The issue of public law arising on appeal concerns the proper approach to public interest standing.


I act for the John Howard Society of Canada and the Queen's University Prison Law Clinic on this appeal. The John Howard Society of Canada is a national organization with over five and a half decades of experience offering services and programs to, and advocating on behalf of, people in conflict with the law. The Queen's University Prison Law Clinic offers frontline services in the form of legal advocacy for prisoners in the courts and before tribunals and all levels of Correctional Service of Canada decision maker. In addition to its frontline legal services, it operates the only clinical education program in Canada focused on issues of prison law.
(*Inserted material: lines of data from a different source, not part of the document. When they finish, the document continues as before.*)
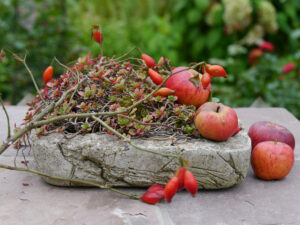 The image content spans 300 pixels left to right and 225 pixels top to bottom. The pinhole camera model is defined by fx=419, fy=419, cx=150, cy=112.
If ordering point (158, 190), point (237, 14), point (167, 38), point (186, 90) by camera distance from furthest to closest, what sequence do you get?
point (167, 38) < point (237, 14) < point (186, 90) < point (158, 190)

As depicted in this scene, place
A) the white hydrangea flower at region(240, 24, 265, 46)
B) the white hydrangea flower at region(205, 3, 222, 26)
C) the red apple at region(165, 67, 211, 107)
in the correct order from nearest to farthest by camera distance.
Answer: the red apple at region(165, 67, 211, 107) → the white hydrangea flower at region(240, 24, 265, 46) → the white hydrangea flower at region(205, 3, 222, 26)

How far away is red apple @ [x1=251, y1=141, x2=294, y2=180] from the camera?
153cm

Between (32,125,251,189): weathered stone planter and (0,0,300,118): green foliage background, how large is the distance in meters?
2.02

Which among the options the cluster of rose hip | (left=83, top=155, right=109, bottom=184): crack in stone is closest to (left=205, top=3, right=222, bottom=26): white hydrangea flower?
(left=83, top=155, right=109, bottom=184): crack in stone

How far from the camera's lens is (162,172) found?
1.43 m

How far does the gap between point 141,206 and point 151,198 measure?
0.15ft

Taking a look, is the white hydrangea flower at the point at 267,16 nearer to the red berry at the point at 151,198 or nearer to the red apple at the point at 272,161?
the red apple at the point at 272,161

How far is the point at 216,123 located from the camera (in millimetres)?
1428

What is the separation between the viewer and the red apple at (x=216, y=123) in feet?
4.69

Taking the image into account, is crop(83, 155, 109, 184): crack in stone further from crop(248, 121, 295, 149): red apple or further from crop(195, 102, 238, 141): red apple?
crop(248, 121, 295, 149): red apple

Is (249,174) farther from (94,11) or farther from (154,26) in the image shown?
(94,11)

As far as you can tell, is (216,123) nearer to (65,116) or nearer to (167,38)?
(65,116)

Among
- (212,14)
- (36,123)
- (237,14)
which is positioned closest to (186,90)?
(36,123)

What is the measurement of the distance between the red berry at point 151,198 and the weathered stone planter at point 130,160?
0.10 m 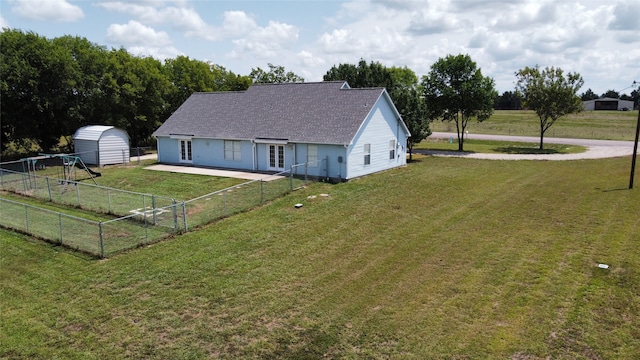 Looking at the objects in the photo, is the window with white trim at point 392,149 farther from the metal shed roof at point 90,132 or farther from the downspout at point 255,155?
the metal shed roof at point 90,132

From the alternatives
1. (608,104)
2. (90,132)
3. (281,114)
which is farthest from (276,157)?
(608,104)

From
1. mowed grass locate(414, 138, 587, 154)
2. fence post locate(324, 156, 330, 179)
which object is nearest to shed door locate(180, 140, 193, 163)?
fence post locate(324, 156, 330, 179)

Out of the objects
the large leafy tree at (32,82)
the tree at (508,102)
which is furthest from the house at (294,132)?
the tree at (508,102)

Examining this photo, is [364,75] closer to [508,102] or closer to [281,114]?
[281,114]

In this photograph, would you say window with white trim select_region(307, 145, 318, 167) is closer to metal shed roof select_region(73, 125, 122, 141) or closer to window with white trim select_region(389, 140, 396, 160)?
window with white trim select_region(389, 140, 396, 160)

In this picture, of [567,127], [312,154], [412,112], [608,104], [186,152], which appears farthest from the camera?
[608,104]

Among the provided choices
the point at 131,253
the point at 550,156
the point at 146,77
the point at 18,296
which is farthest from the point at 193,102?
the point at 550,156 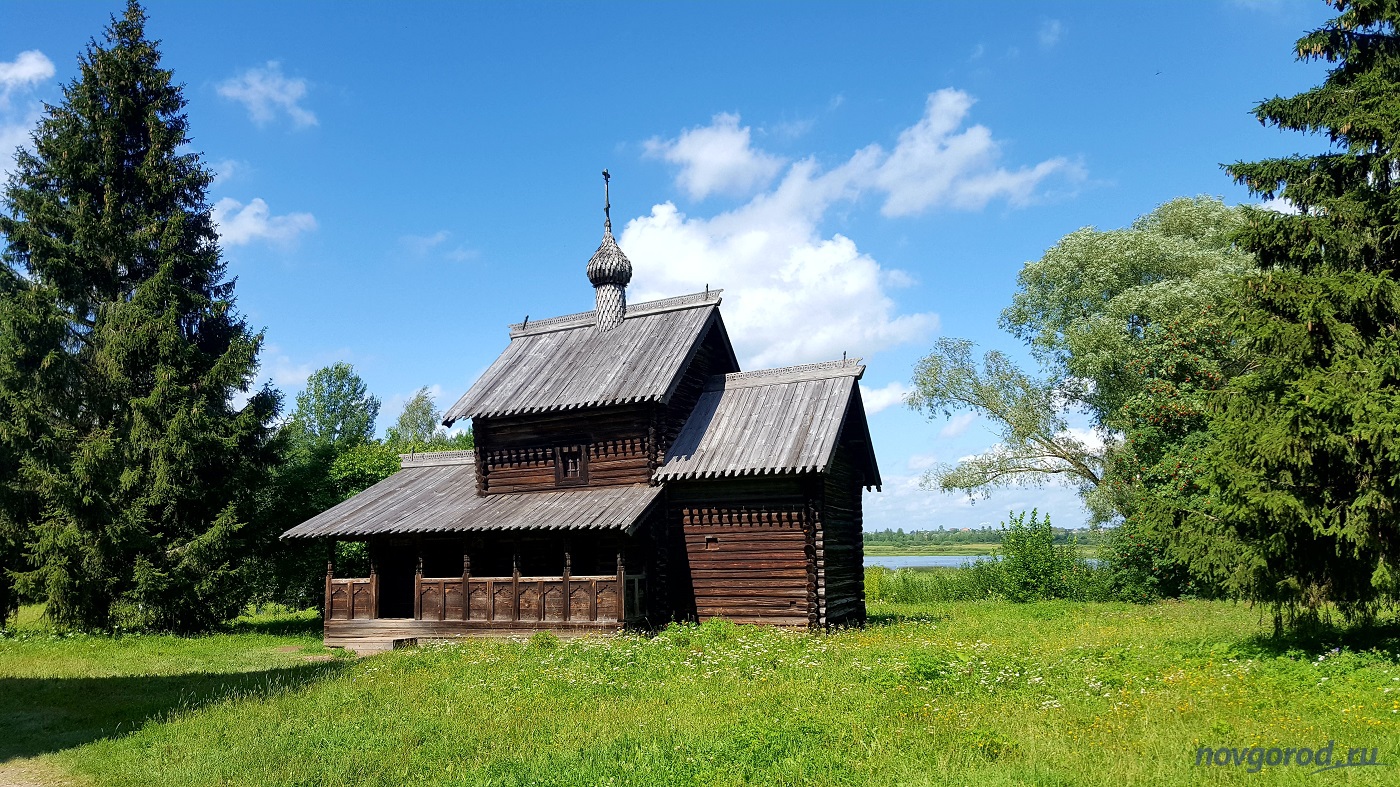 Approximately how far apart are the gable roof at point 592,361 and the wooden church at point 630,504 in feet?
0.23

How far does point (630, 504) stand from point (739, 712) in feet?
32.3

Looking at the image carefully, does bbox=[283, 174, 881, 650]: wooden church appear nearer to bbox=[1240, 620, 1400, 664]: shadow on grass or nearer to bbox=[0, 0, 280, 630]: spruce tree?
bbox=[0, 0, 280, 630]: spruce tree

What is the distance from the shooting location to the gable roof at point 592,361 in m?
22.2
These interveners will argue that the existing test articulated ten short years ago achieves a just balance between the purposes underlying the limitations on standing and the important role of the courts in assessing the legality of government action. They will argue that litigants with public interest standing may challenge the adverse impacts of a law and the misapplication of a law. The existing test does not and should not require evidence of efforts made to engage an individual with direct standing. The perspective of a plaintiff with direct standing is not invariably preferable to the perspective of an organization with public interest standing. Nor does or should the test require that a public interest litigant specify, at a time of the defendant’s choosing, what admissible evidence will be led at trial.